Speaking to Red Star News (in Chinese), workers at several Uniqlo locations in Shanghai and Nanjing said that they had grown used to female shoppers bringing a bunch of T-shirts — which were clearly made for kids and too small for them — to changing rooms, snapping photos, and leaving the store without purchasing anything.
The garments featured in the selfies were often left damaged with make-up stains and stretched to their limits. Some of the shop assistants said that they would discourage customers from trying on clothes that obviously did not fit, but ultimately they had to please the customers.
As the craze grew, so did criticism. Body-positive activists and feminists said that people who participated in the trend were knowingly— or recklessly — pressuring girls into extreme weight loss, and setting unrealistic beauty expectations tailored for the male gaze. “This is so stupid and potentially hurtful to people who have body issues,” a Weibo user wrote (in Chinese).

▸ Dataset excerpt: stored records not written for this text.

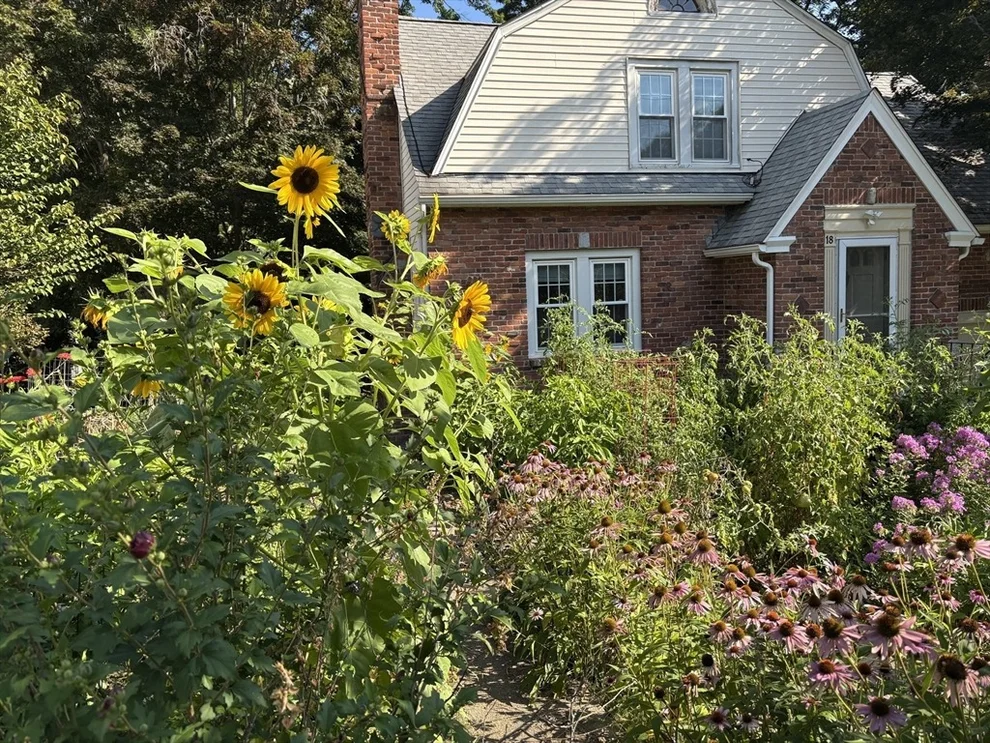 Unit for sale at 18 Zenith Drive, Worcester, MA 01602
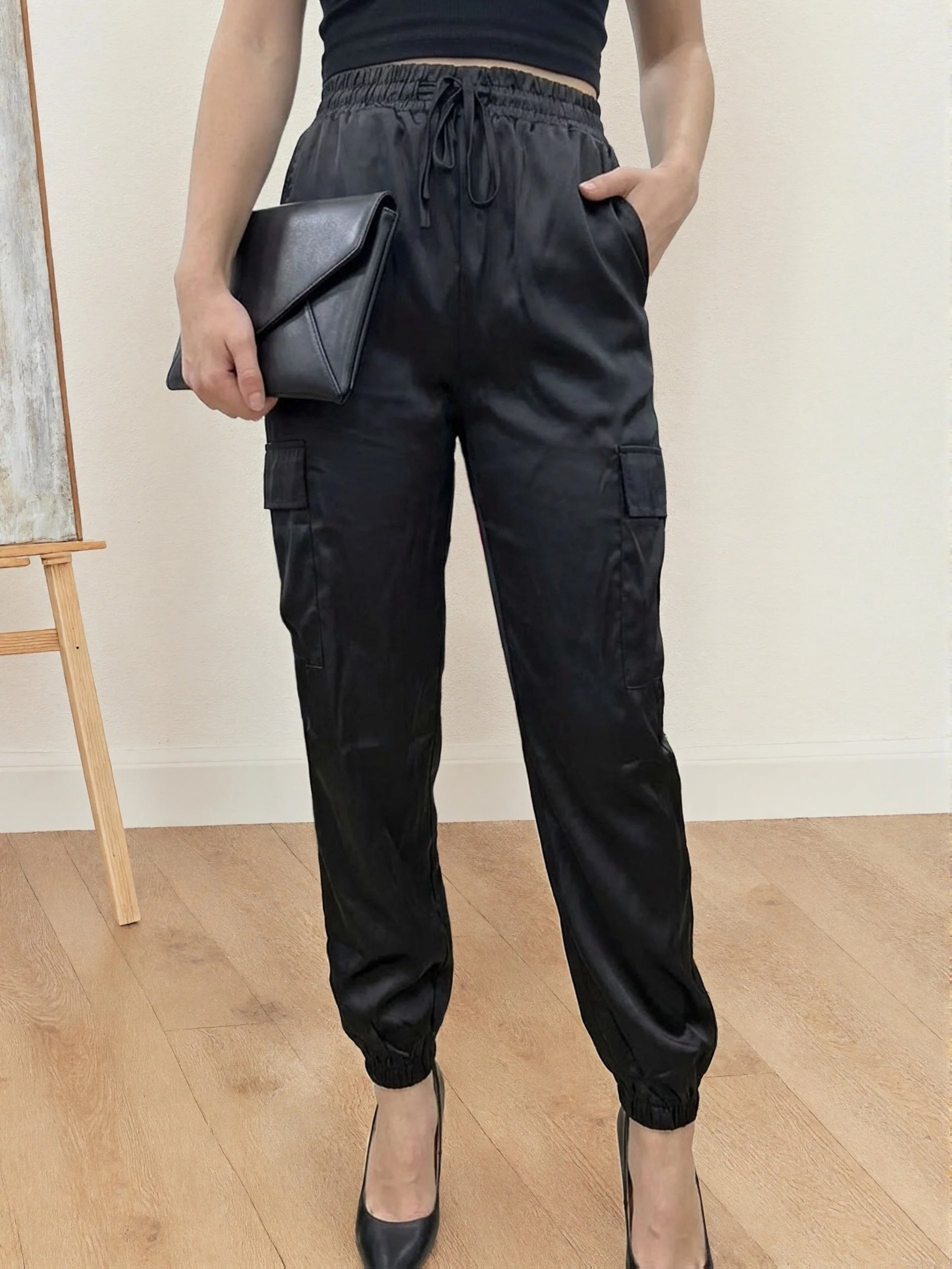 Damen Jogger-Hose mit Taschen und modernem Schnitt – Perfekt für Freizeit und Alltag - Image 3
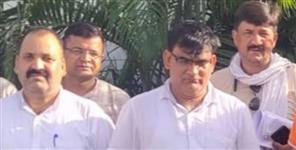 image: Kanungo arrested red handed taking bribe in Sitarganj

Many also pointed out that the aesthetic preference embodied in the trend was closely tied to an Italian fashion brand named Brandy Melville, which preaches a one-size-fits-all policy, but only sells clothing in extra small size. Despite its tightly conscribed size range, the retailer has, since opening a store in Shanghai in 2019, developed a cult following among Chinese millennial and Gen-Z women, who adore its low prices and whimsical, retro California designs.